### DATA BLOCK
────────────────
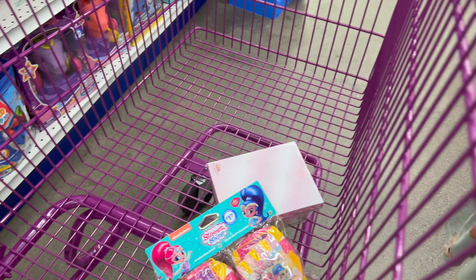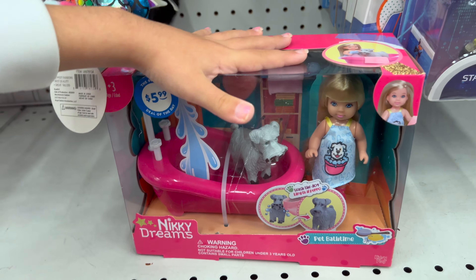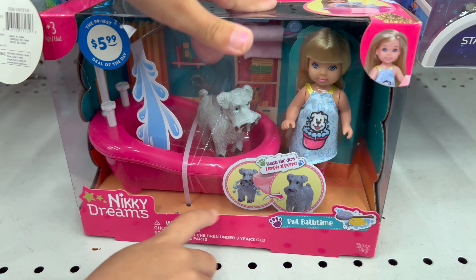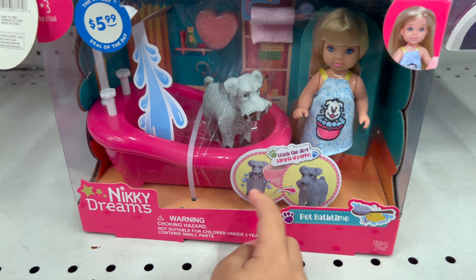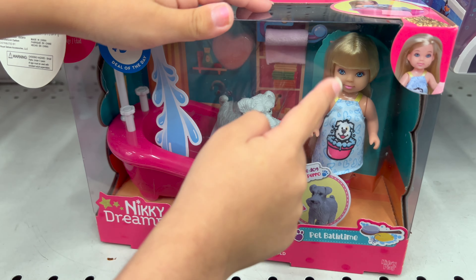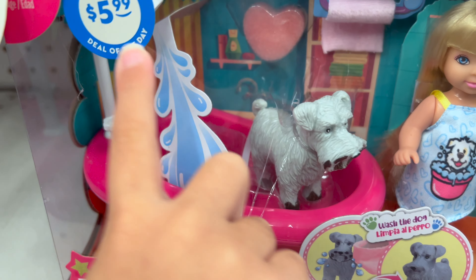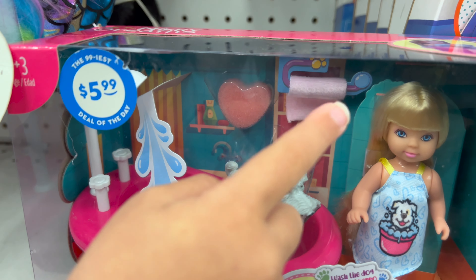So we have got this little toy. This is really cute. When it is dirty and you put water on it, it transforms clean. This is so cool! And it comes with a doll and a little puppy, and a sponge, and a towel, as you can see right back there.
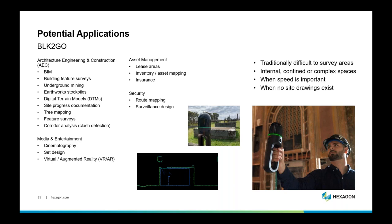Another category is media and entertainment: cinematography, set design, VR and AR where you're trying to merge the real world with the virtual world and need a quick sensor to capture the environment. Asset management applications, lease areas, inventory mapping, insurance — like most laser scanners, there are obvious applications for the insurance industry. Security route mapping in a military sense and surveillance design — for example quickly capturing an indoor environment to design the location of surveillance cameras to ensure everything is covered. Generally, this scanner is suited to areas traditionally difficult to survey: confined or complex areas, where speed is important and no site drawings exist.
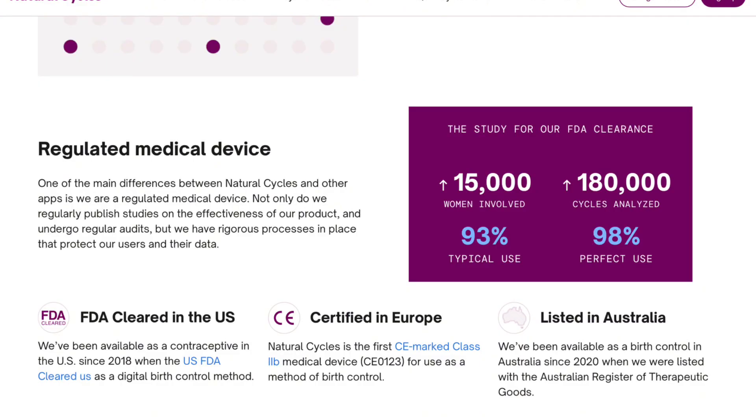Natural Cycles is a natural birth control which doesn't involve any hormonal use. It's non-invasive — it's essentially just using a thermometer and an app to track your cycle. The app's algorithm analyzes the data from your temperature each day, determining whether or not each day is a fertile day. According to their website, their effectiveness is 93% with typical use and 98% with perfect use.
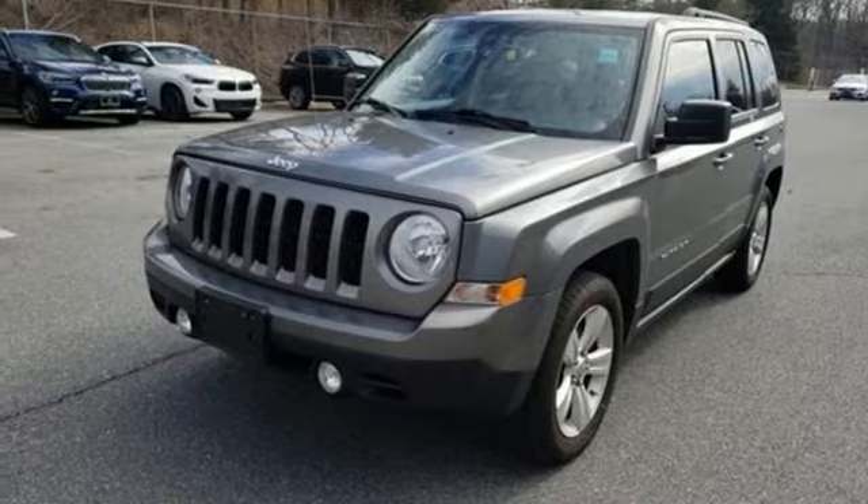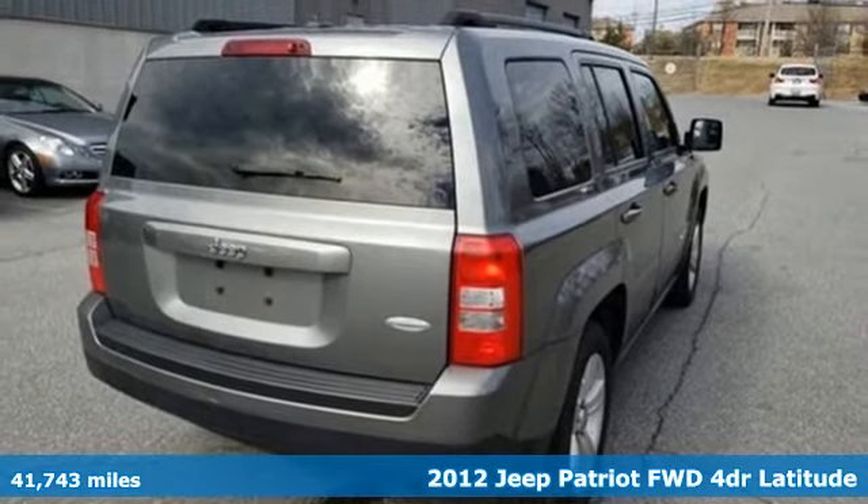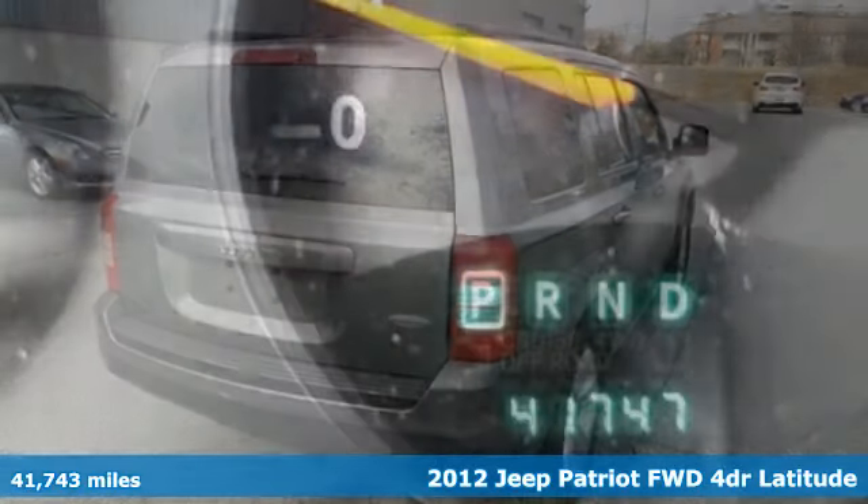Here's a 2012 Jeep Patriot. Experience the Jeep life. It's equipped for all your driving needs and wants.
────────────────
### TASK ITEM
Without changing a word, restate the listing above; the pictures stay out.

### WRITTEN RESPONSE
So we have got this little toy. This is really cute. When it is dirty and you put water on it, it transforms clean. This is so cool! And it comes with a doll and a little puppy, and a sponge, and a towel, as you can see right back there.
Another category is media and entertainment: cinematography, set design, VR and AR where you're trying to merge the real world with the virtual world and need a quick sensor to capture the environment. Asset management applications, lease areas, inventory mapping, insurance — like most laser scanners, there are obvious applications for the insurance industry. Security route mapping in a military sense and surveillance design — for example quickly capturing an indoor environment to design the location of surveillance cameras to ensure everything is covered. Generally, this scanner is suited to areas traditionally difficult to survey: confined or complex areas, where speed is important and no site drawings exist.
Natural Cycles is a natural birth control which doesn't involve any hormonal use. It's non-invasive — it's essentially just using a thermometer and an app to track your cycle. The app's algorithm analyzes the data from your temperature each day, determining whether or not each day is a fertile day. According to their website, their effectiveness is 93% with typical use and 98% with perfect use.
Here's a 2012 Jeep Patriot. Experience the Jeep life. It's equipped for all your driving needs and wants.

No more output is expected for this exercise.